Les propos que vous rapportez vont à l'encontre d'une relation bilatérale constructive, a souligné lundi Bernard Valero. Ce message a été transmis aux autorités rwandaises, a-t-il précisé.
Les relations entre Paris et Kigali, rompues entre 2006 et 2009, s'étaient apaisées en 2008 après l'évocation par l'ancien chef de la diplomatie française Bernard Kouchner d'une faute politique de la France lors du génocide. Alain Juppé avait alors très vivement répliqué, dénonçant des amalgames de la repentance.
La normalisation avait été scellée en février 2010 lors d'une visite de Nicolas Sarkozy, qui avait reconnu une forme d'aveuglement de Paris pour n'avoir pas vu la dimension génocidaire du régime rwandais qu'il soutenait alors.
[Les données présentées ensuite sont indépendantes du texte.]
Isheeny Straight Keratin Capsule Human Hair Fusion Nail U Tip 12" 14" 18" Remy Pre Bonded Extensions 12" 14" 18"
Kigali, qui avait à plusieurs reprises accusé Paris de complicité avec les génocidaires, avait cessé toute invective.
Entre avril et juin 1994, plus de 800.000 Rwandais, essentiellement issus de la minorité tutsi, ont été massacrés par des milices extrémistes hutu et les ex-Forces armées rwandaises, selon l'ONU. L'attentat, le 6 avril 1994, contre l'avion du président hutu Juvenal Habyarimana, est considéré comme le signal déclencheur du génocide.
Les justices française et rwandaise, qui enquêtent séparément sur ce crime, se sont longtemps opposées: la première soupçonne un commando du Front patriotique rwandais (FPR de Paul Kagamé, qui était alors une rébellion) d'avoir abattu l'avion, tandis que la seconde en accuse des extrémistes hutu qui auraient jugé Habyarimana trop modéré.
L'émission par la justice française de mandats d'arrêts contre neuf proches de M. Kagamé en 2006 avait entraîné la rupture avec Paris.
En avril 2010, pour la première fois depuis 2004, la France a été représentée par un membre de son gouvernement à la commémoration du génocide. Il s'agissait d'Alain Joyandet, alors secrétaire d'Etat à la Coopération.